В тот день я, как обычно, опустила ногти, накрашенные тем самым лаком, который подарила Хвиён, в алкоголь, а потом преспокойно пошла здороваться с другими девочками. Мы целовали друг друга в напудренные щёки (ведь пудра, как мы думали, – это символ женственности, символ того, что мы взрослые, но мы ни черта не взрослые – мы просто глупые), щебетали что-то несуразное. Про школу в этом месте, в доме номер тридцать, никто не говорил. Все же до одури взрослые, что аж тошно становилось.
– Ну а как ты планируешь провести зимние каникулы, Хэджин? – Ногти, к сожалению, поменяли цвет, поэтому я вылила напиток в цветок, в который явно ещё до меня стали сливать всю эту дрянь. Задавшая вопрос Хвиён была моей лучшей подругой, с которой мы дружили и в школе, и за её пределами. Моя ровесница, она выглядела младше, даже если наносила огромный слой косметики на лицо: аккуратный нос, губы сердечком и большие, такие наивные глаза, те, которые могут сломить любого вне зависимости от пола. Хви была талантливым манипулятором, любившим только раз в жизни, и её любовь на данный момент находилась рядом с ней. – Мы вот с Тэёном хотим провести Рождество вместе. – Полная дурость – думать о зиме весной. С другой стороны, это всё фарс, это всё театр, в котором каждый отыгрывал определённую роль, и каждому своя роль нравилась, ведь не каждый день на вечеринке можно похвастаться новыми духами от Gucci, а потом в школе трястись, потому что использовал мамины духи.

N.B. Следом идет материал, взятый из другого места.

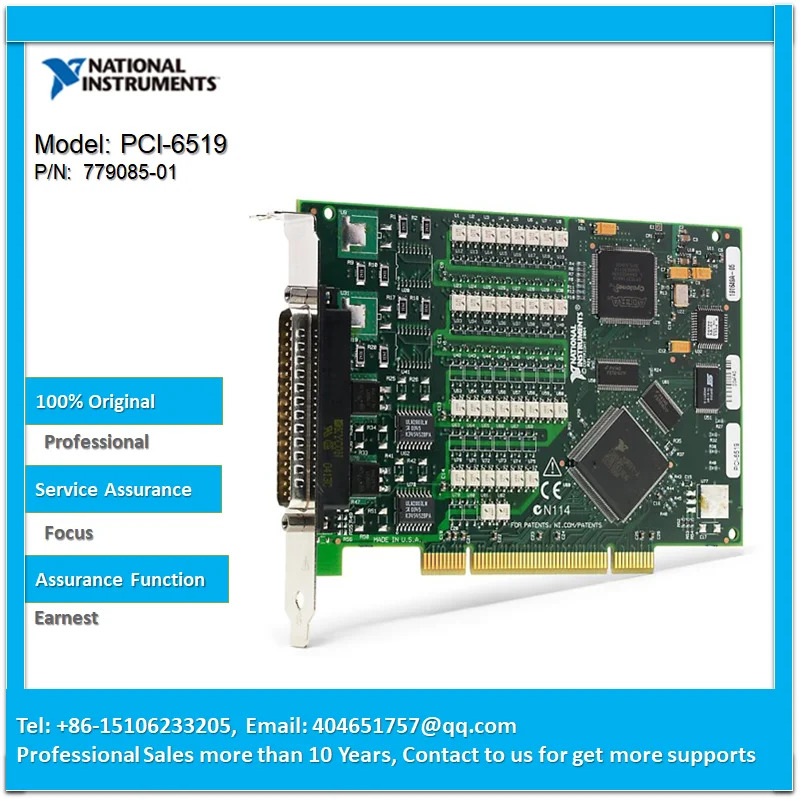 NI PCI-6519 저비산업디지털 I/O 모듈 779085-01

Пак Тэён встречался с Хвиён уже как несколько месяцев, практически полгода, и они были самой милой парой, которая попадалась на моём пути. Они понимали друг друга с полуслова, любили одну и ту же еду, увлекались одними и теми же хобби. Казалось, такая хрупкая девчушка, как моя подруга, не могла выбрать такого здоровяка, как Пак, но они как-то приросли душой друг к другу, как-то вцепились и не отпускали. Их химии, их романтике мог позавидовать каждый: однажды, помню, парень вломился в наш кабинет, расположенный на первом этаже школы, через окно, принеся своей девушке маргаритки. Правда, его потом выгнали, потому что Тэён обучался в другой школе, но каждый вспоминал этот самый момент, когда Пак, с перепачканными штанами, с рукавами рубашки, которые были закатаны до локтя, ввалился в окно. Его руки были в земле, и только потом мы узнали, что эти самые цветы он сорвал во дворе нашей школы.